Can you tell us about your career as a surveyor?
After completing a land surveying course at the University of East London, in 1980, my first job was on a large scale off-river water storage dam in Southern Zimbabwe. It involved the construction of a main earth wall of a height of 26m and 450m in length, two saddle dam walls of a height of 12m and each 750m in length together with a 3km pipeline and pump house. Since then I have always been involved in surveying in one way or another throughout my working life.
What major changes have you witnessed in instrumentation?
Instrumentation over the last decade has changed considerably from sighting through optical telescopes and using programmable calculators, with the surveyor/engineer having a good understanding of trigonometric functions and Pythagoras’ Theorem, to today’s satellite systems, robotic stations and CAD field software.
The past decade has seen a huge reduction in the use of large A1 size paper detailed drawings which you had to carry around with you in the wind and rain, to now using your mobile phone/tablet to access any detail you want to know. CAD has allowed files to move quickly from engineers to the mobile workforce in the field.
The surveyor/engineer always had to have an assistant to hold the prisms/staff/poles and tapes called a ‘chainman’. These days you can work on your own and at greater speed, thus reducing costs and being more productive. Human errors have also been reduced with the introduction of the modern systems.
New instruments are increasing accuracies and speeding up the time spent in the field. Global Navigation Satellite Systems (GNSS) have made life a great deal simpler, allowing you to locate your exact position anywhere and at any time with the RTK (real time kinematic) receiver.
The hybrid systems which combine GNSS positioning with the Robotic Total Station allow you to move from one system to another achieving accuracies of 5mm. McGarrell Reilly sites use Topcon’s DS Series auto-tracking/Robotic Total Stations, combined with the Hiper SR RTK receiver.
The European Galileo satellite navigational system will increase the satellite coverage overhead and thus further increase accuracies. The end result of all this can be seen by the rapid pace of development around Dublin city.
How are these changes influencing your work at present and how do they change the surveyor’s role?
On the housing development I am currently on, I have been able to set out over 60 houses in a little over 3 weeks. I had never achieved that before. The new setting-out systems have made it easy, for young engineers/surveyors coming through into the workplace. Their numerical skills and mental arithmetic ability appear weak. However, they are generally good on the software side and pick up the systems quickly.
The old faithful ‘dumpy’ level still has its uses and its accuracy is guaranteed.
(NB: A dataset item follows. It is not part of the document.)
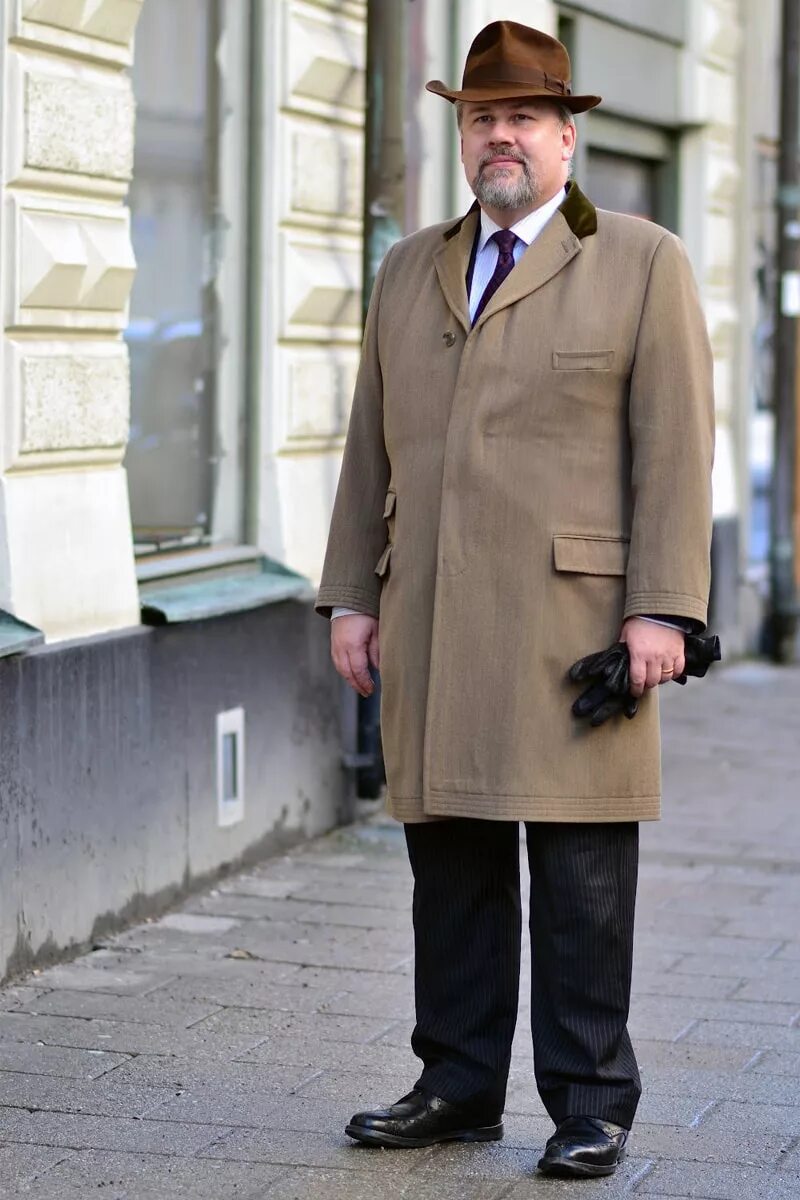 Мужик лет 50 60 в плаще. Мужик лет 50 60 в плаще. Мужик лет 50 60 в плаще. Стильная одежда для пожилых мужчин. Старомодная одежда мужчины.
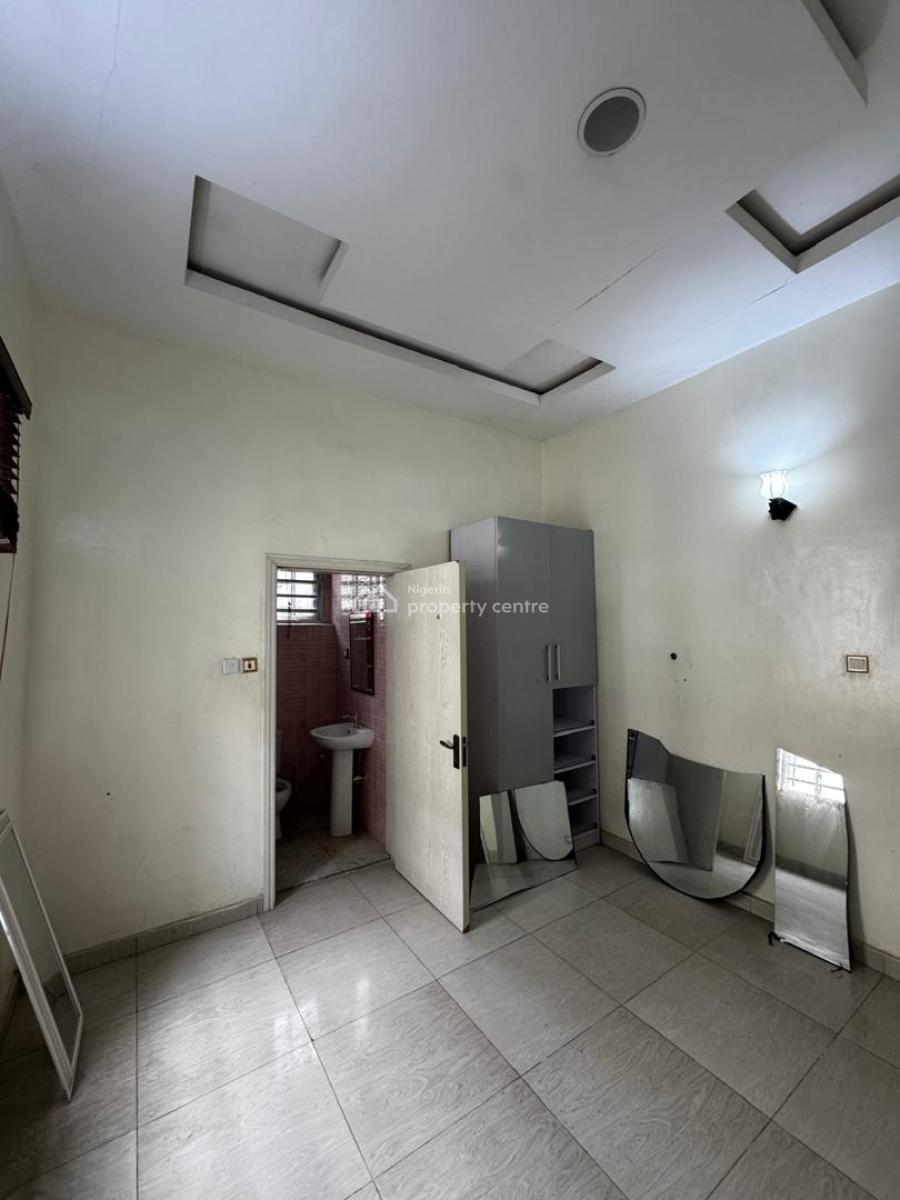 a Spacious Room Self Contain, Ologolo, Lekki, Lagos, Self Contain (single Rooms) for Rent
New self-levelling graded lasers and the pipe laser have made the life of ground workers far easier to maintain accurate levels and gradients.
What other new technologies are improving accuracy on site?
Drones are already starting to play an important role and are currently used in the calculation of volumes of stockpiles on many sites. Scanners can scan buildings and are practically useful in restoration work on listed buildings. Road scanners are also able to detect depressions or changes in surface heights with their locations while driving along.